Being a mentor, especially in the strength and conditioning coaching profession, means a lot. Sometimes, we must answer the call of duty to help those coaches who look up to us. They look to us for solutions. They need our knowledge and experience to help them solve problems they have never faced and avoid pitfalls they didn’t know were there.
But sometimes, being a mentor means even more than this. It means more than solutions. It means support. It means being there. It means picking up the phone. It means saying, “I don’t have a great answer for you right now, but I’ve been through it too. I’m here for you. We are going to get through this, together.”
This can be even more powerful. It speaks to what’s at the core of what makes this profession, and the CSCCa specifically, such an awesome family. We have shared experiences here no other professionals will ever know, and with those experiences, we form bonds that last a lifetime.

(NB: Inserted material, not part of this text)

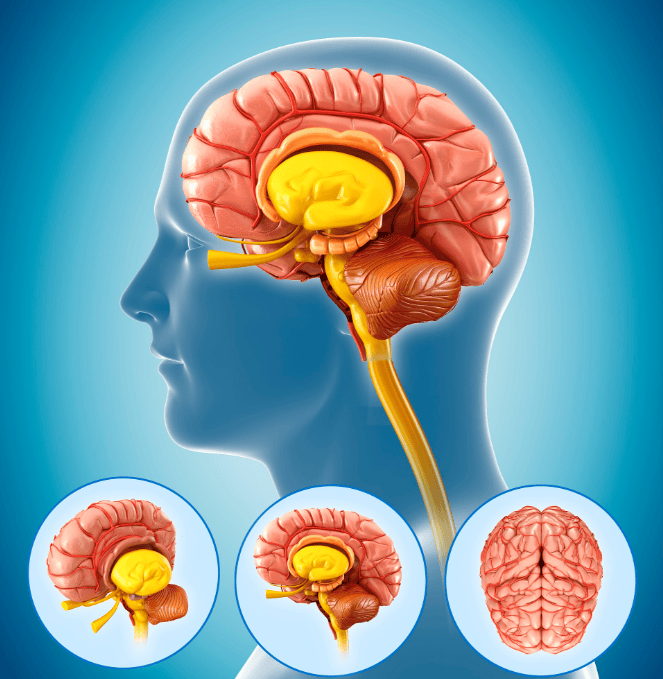 张涵英主任医师：脑膜瘤术后风险，这些“隐形挑战”需提前知晓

Last year, when I stood on the stage at the Master Strength And Conditioning Coach (MSCC) Dinner to present coach Elaine Deppe with her MSCC jacket, I was so honored. We haven’t had an opportunity to work on the same staff, or spend a tremendous amount of time together, but she saw something in me that made her ask me to stand in when her first choice wasn’t able. I’d like to think a huge part of that is the shared experience we have as strength and conditioning coaches, and a recognition of the work and sacrifice that has gone into paving the way for the next generation of phenomenal young coaches like Elaine.
It’s not only a tremendous honor to drape that MSCC jacket on her deserving shoulders, but to think back to when I received my jacket and see how far we’ve come since I was the first female to be receive that honor, fills me with a surreal sense of pride. As females in this profession, and as a professional community as a whole, we have come so far. Every year, you see people from all walks of life representing the MSCC community on that stage, and every year, more and more coaches will see someone just like them achieving the pinnacle of the profession. That matters.
It’s also important to remember — as mentors — this process is a two-way street. Every coach that I present an MSCC jacket to, they have been my mentor too. I learn something from every coach I work with or mentor. From graduate assistants all the way to directors at Power Five programs, we would be remiss if we didn’t try and share with and learn from one another. At the National Conference in particular, I relish the opportunity to engage in this perpetual process of mentoring and being mentored.
The MSCC Dinner gives a new MSCC a moment in time to recognize over a decade of hard work and professionalism. It also gives them membership into one of the most prestigious groups of professionals in the world. The time we spend together at the dinner is always special but having such a close-knit group to support you and share in your struggles and triumphs enhances the entire national conference experience, and has helped to give me a close circle of friends who I cherish and admire. I wouldn’t trade it for the world.